A escalada dos juros dependerá da demanda

Os juros médios cobrados das pessoas físicas subiram quase ininterruptamente entre janeiro de 2014 e janeiro de 2015, segundo a Associação Nacional dos Executivos de Finanças e Contabilidade (Anefac). Mas, se é provável que as instituições financeiras continuem a elevar os juros ativos (cobrados dos devedores), também é verdade que, se os clientes demandarem menos crédito, será mais difícil de manter a escalada de taxas.

O Estado de S.Paulo

20 Fevereiro 2015 | 02h06

Para elevar o custo dos empréstimos, os bancos se baseiam na alta da taxa básica de juros e no temor de um crescimento da inadimplência.
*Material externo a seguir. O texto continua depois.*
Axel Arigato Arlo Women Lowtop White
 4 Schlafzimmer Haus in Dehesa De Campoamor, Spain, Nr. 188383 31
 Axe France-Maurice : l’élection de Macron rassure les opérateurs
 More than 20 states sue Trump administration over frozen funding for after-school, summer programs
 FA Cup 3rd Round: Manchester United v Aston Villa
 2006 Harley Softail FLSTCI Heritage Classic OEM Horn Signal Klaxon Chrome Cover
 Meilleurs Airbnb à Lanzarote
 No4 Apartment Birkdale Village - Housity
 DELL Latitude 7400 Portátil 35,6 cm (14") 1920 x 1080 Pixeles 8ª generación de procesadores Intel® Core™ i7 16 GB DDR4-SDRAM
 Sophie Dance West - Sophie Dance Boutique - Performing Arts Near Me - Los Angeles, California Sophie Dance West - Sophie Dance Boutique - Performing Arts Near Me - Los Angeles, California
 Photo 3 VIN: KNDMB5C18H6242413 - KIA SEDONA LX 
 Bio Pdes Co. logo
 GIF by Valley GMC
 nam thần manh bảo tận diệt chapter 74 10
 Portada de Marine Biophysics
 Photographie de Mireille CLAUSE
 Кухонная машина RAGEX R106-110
Isso se explica pelo aperto nos orçamentos familiares, a piora na qualidade dos empregos e o avanço dos cortes de pessoal, seja na indústria em geral, seja no setor de veículos, seja nas construtoras que operam para a Petrobrás e estão envolvidas na Operação Lava Jato.

Mas cabe notar que os clientes bancários são mais cuidadosos do que os devedores em geral. Um aumento de 16,7% dos índices de inadimplência, entre janeiro de 2013 e janeiro de 2014, foi constatado pela consultoria Serasa, porém o quadro é diferente nos bancos, onde o crescimento dos atrasos foi de apenas 0,3%, muito inferior, portanto, aos demais.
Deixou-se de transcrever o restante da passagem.